Activity
Report every line of the records that contains the word "Road".

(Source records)

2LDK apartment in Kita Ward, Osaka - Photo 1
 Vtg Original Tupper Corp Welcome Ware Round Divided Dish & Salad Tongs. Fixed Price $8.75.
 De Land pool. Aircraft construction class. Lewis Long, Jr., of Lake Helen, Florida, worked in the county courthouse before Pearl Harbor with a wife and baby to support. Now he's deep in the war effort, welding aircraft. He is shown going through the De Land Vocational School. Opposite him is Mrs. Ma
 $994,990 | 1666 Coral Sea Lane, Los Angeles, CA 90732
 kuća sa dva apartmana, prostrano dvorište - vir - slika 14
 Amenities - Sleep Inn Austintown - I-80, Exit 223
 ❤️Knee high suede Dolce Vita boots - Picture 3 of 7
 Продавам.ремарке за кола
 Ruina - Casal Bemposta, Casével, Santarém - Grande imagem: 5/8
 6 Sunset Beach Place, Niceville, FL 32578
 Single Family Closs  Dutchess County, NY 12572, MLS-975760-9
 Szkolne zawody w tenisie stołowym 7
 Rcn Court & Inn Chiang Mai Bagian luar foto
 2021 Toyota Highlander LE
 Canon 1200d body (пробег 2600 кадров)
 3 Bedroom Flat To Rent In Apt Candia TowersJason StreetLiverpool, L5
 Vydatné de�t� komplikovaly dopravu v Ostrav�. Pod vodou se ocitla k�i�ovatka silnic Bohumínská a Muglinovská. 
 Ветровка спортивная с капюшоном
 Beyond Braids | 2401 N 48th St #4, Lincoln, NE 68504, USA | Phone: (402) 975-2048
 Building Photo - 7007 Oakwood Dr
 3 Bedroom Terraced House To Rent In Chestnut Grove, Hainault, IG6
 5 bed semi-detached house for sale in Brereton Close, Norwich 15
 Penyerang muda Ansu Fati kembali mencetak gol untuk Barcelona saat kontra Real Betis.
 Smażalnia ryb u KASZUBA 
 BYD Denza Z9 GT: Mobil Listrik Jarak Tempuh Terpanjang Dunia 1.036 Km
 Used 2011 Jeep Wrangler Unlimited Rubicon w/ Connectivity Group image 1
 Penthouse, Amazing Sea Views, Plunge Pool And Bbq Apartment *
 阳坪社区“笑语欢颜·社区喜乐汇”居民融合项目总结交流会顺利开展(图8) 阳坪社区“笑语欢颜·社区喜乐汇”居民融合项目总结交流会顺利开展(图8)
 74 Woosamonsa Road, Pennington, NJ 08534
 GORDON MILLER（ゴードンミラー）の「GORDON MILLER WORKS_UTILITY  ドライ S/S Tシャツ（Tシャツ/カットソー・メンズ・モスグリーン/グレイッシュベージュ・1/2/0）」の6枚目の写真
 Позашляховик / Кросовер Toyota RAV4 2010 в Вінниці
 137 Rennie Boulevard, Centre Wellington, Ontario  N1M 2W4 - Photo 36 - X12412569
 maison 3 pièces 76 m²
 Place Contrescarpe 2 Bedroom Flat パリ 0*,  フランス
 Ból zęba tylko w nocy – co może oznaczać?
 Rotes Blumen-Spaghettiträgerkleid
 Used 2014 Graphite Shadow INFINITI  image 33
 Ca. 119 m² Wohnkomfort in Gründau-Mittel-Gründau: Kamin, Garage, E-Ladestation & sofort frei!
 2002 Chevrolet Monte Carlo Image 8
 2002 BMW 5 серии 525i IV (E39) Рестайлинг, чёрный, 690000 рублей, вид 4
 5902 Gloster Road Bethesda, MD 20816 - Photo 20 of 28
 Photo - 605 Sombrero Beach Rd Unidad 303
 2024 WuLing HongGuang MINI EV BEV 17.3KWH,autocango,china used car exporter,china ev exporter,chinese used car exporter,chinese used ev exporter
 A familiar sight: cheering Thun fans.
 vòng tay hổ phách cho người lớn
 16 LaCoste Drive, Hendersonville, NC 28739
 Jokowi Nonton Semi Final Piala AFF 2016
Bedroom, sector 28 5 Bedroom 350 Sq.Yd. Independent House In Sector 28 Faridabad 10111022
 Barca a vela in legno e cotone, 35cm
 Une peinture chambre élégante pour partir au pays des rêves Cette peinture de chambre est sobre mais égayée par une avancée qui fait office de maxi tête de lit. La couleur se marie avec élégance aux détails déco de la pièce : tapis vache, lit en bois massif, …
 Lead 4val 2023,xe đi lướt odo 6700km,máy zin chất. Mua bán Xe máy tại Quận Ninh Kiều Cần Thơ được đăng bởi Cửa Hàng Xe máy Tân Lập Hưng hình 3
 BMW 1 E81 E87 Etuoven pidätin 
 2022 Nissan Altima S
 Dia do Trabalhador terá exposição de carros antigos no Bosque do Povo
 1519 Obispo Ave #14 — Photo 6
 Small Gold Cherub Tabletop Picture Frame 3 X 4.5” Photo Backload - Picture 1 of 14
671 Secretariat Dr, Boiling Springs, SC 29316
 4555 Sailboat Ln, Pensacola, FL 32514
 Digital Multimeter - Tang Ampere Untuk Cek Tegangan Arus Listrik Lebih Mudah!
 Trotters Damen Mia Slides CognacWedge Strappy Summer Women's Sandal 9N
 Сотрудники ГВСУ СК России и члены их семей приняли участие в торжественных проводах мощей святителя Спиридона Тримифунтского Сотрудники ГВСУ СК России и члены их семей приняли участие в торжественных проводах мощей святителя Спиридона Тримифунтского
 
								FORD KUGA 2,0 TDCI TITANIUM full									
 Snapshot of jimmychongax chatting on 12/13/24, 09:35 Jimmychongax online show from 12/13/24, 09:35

Result of the exercise
 74 Woosamonsa Road, Pennington, NJ 08534
 5902 Gloster Road Bethesda, MD 20816 - Photo 20 of 28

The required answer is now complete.